--- START ---

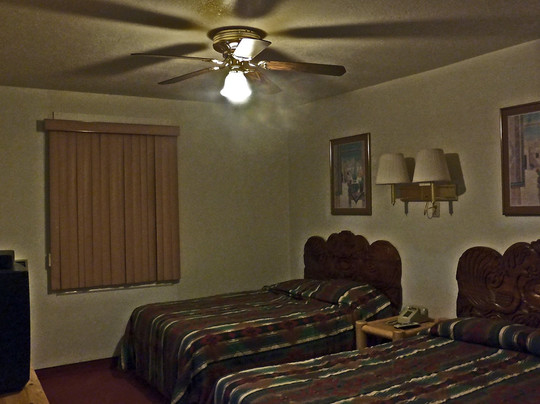 Two Sunsets Hotel主图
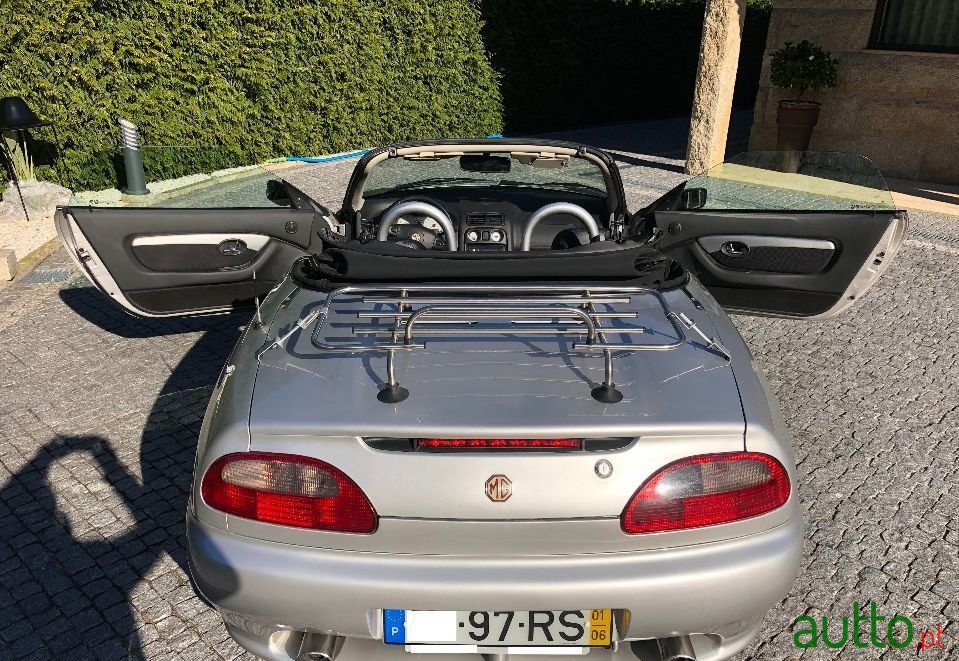 2001' MG MGF photo #6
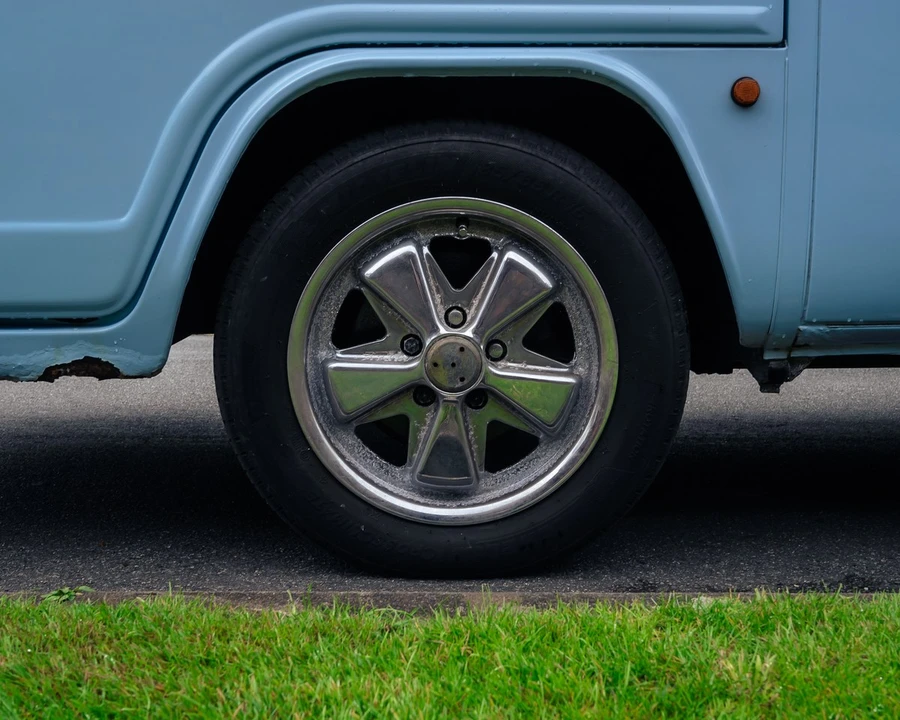 2009 Volkswagen Bay-Window Camper - Image 13 of 30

--- END ---

■ Problem requirements
A faithful copy of all the lines above is needed, with the pictures omitted.

■ Exercise answer
 Two Sunsets Hotel主图
 2001' MG MGF photo #6
 2009 Volkswagen Bay-Window Camper - Image 13 of 30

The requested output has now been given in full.